My wife and I read Father Jacques Philippe’s book about the Beatitudes together on a retreat we took to celebrate our 30th anniversary and found that the lessons are extremely relevant to married life. So I imagined what the Beatitudes of married life would look like.
Blessed are couples who live simply, for their hearts will find true treasure.
“Blessed are the poor in spirit,” is the original beatitude from Matthew Chapter 5, and the spirit of poverty turns out to be a great way to live married life — while consumerism seems to wreck everything. Aleteia has featured some great advice about simplifying including these great six rules, these benefits of “moderate minimalism,” and this young mom who decluttered without regret.
“Blessed are they who mourn,” is the original beatitude. Many of us have discovered that suffering together teaches us to love. This is the law of the cross that is built into the very foundations of the earth, because Jesus is the crucified one and “through him all things were made.”
As Pope Benedict said, “There is no true love without suffering, there is no gift of life without pain.”
Blessed are those who let insults roll off of them.
“Blessed are the meek,” says the original. The more we take offense at our spouse, the more we prickle at small irritations, the further apart we will be. The more we allow our spouse to be flawed and human, the closer we will become.
Pope Francis’s favorite film, La Strada, is about a spousal relationship where a woman’s meekness saves a man.
Blessed are those who call out sin; this is the only way to progress.
The Beatitude “Blessed are they who hunger and thirst for righteousness” for spouses has to mean that a spouse should not simply take it if the other is doing real harm, to spouse or child — or self. Sin is sin and encouraging it is not a virtue.
In the end, the power of the movie La Strada is that the woman will not tolerate her husband’s greatest sin, and it is this alone that causes her to be meek no longer.
Blessed are those who are able to forgive, because they, too, will (eventually) be forgiven.
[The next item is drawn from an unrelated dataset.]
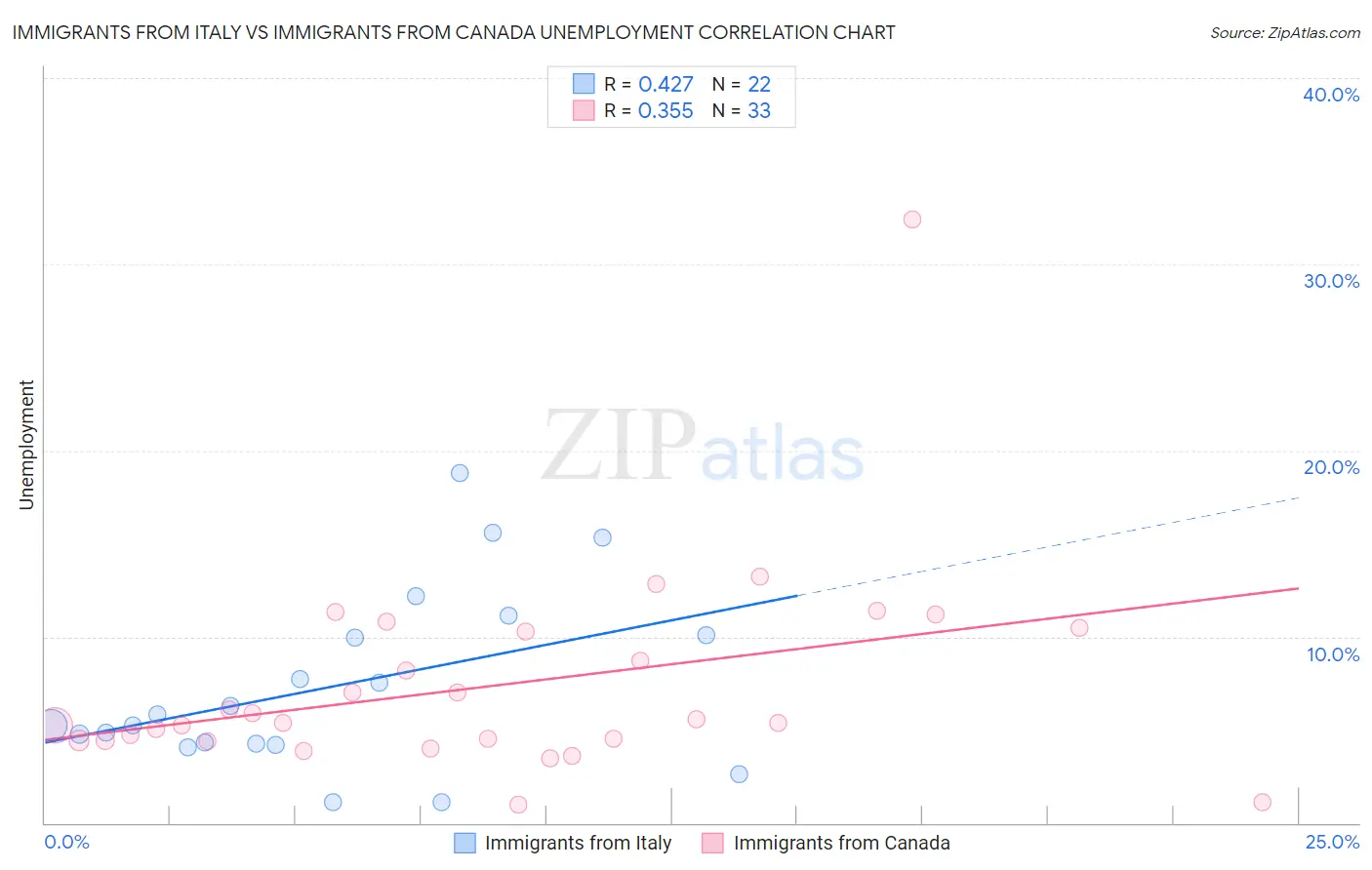 Immigrants from Italy vs Immigrants from Canada Unemployment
“Blessed are the merciful” will mean for spouses almost exactly what it means for everyone else, but spouses will have to forgive deeper hurts, and forgive them more often. In the unforgettable words of Father Hughes Sundeme at my daughter’s wedding, “When you hear people celebrating 30, 40, 50 years of togetherness, they are celebrating forgiveness.”
Blessed are those who keep a shining vision of their spouse, for they will see them with God’s eyes.
“Blessed are the pure of heart,” says the original. To be “pure of heart” is to see and treat people according to their objective value, and not to see just the parts of them that attract or annoy you.
You can look at your spouse and see all of their defects, or you can look at your spouse and remember all of their virtues. Jesus chooses the latter when he looks at each of us. We should join him.
Blessed are those who are willing to lose arguments, for they will win the peace they long for.
“Blessed are the peacemakers,” Jesus says. That is true in marriage more than anywhere. A priest once put it this way: “The spouse who loves the most is the spouse who loses the most arguments.” When the choice is between being right and being united, true love chooses unity. Lifelong love is worth losing for.
Blessed are the countercultural, who choose what’s best over what’s favored.
“Blessed are those who are persecuted for righteousness’ sake,” Jesus says, and “Blessed are you when people revile you and persecute you and utter all kinds of evil against you falsely on my account.”
We know what is best for our family, and we should be willing to suffer the rebukes of anyone who complains in order to secure it, be they in-laws, school officials, doctors, neighbors or friends.